Here we show how to compute polygenic risk scores using LDpred2.

This tutorial uses fake data for educational purposes only. Another tutorial using another dataset can be found at https://privefl.github.io/bigsnpr-extdoc/polygenic-scores-pgs.html.

You should also probably look at the code of the paper, particularly at the code to prepare summary statistics (including performing the quality control presented in the Methods section “Quality control of summary statistics” of the paper), at the code to read BGEN files into the data format used by bigsnpr, at the code to prepare LD matrices and at the code to run LDpred2 (genome-wide).

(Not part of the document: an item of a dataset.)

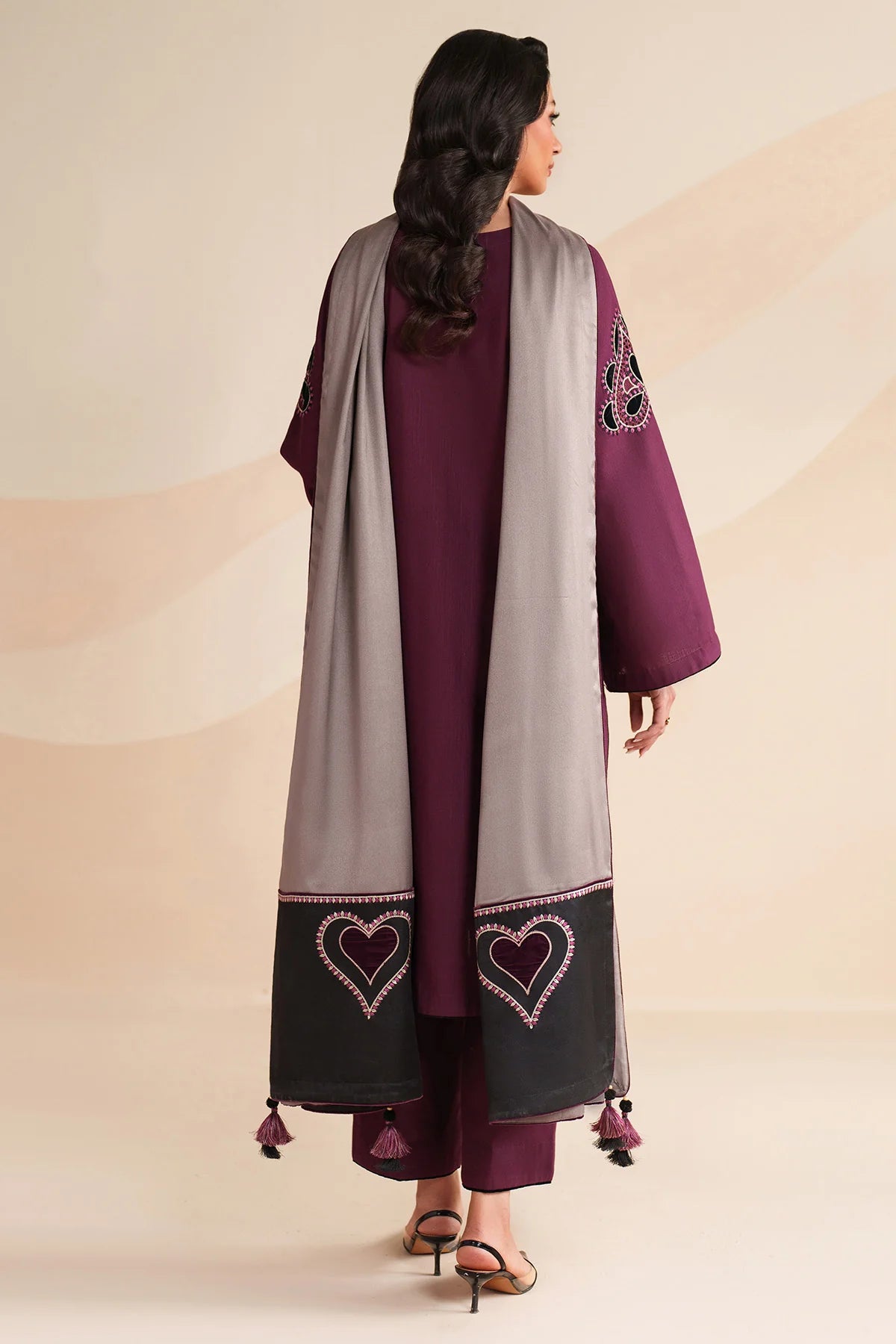 JZ-UW-D0218-0 | EMBROIDERED KHADDAR | Jazmin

In practice, until we find a better set of variants, we recommend using the HapMap3 variants used in PRS-CS and the LDpred2 papers. If you do not have enough data to use as LD reference (e.g. at least 2000 individuals), we provide an LD reference to be used directly, along with an example script on how to use it at https://doi.org/10.6084/m9.figshare.13034123. Note that before Nov. 16, 2020, there was an error in the conversion of positions between genome builds. Information about these variants can be retrieved with

# $pos is in build GRCh37 / hg19, but we provide positions in 3 other builds 
info <- readRDS(runonce::download_file(
  "https://ndownloader.figshare.com/files/25503788",
  dir = "tmp-data", fname = "map_hm3_ldpred2.rds"))
str(info)
## Classes 'tbl_df', 'tbl' and 'data.frame':    1054330 obs. of  10 variables:
##  $ chr     : int  1 1 1 1 1 1 1 1 1 1 ...
##  $ pos     : int  752721 754182 760912 768448 779322 838555 846808 853954 854250 864938 ...
##  $ a0      : chr  "A" "A" "C" "G" ...
##  $ a1      : chr  "G" "G" "T" "A" ...
##  $ rsid    : chr  "rs3131972" "rs3131969" "rs1048488" "rs12562034" ...
##  $ af_UKBB : num  0.841 0.87 0.84 0.106 0.128 ...
##  $ ld      : num  3.69 3.73 3.69 1.4 3.68 ...
##  $ pos_hg17: int  792584 794045 800775 808311 819185 878418 886671 893817 894113 904801 ...
##  $ pos_hg18: int  742584 744045 750775 758311 769185 828418 836671 843817 844113 854801 ...
##  $ pos_hg38: int  817341 818802 825532 833068 843942 903175 911428 918574 918870 929558 ...

Note that we now recommend to run LDpred2 genome-wide, contrary to what was shown in the first versions of this tutorial. The only difference it makes is when building the SFBM (the sparse LD matrix on disk), you need to build it so that it contains all variants genome-wide (see e.g. this code and below).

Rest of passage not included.